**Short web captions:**
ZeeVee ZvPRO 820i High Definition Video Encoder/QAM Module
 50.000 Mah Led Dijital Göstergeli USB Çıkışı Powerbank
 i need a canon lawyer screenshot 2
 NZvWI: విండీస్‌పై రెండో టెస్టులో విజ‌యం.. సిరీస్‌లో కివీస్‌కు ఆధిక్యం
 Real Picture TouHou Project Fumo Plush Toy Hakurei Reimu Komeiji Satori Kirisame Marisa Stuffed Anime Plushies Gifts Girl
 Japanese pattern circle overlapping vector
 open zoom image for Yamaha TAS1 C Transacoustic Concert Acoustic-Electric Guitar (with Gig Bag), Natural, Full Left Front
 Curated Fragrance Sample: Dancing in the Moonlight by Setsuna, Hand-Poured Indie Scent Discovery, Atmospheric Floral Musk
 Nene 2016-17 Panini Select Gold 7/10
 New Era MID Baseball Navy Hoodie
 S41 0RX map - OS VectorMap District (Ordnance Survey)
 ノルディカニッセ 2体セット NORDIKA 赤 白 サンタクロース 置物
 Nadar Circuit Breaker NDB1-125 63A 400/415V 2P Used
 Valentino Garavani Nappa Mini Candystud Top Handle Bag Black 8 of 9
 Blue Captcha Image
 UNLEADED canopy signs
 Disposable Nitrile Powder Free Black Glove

**What is needed:** Set apart and copy each line of the records that holds the word "Black".

**Task result:**
 Valentino Garavani Nappa Mini Candystud Top Handle Bag Black 8 of 9
 Disposable Nitrile Powder Free Black Glove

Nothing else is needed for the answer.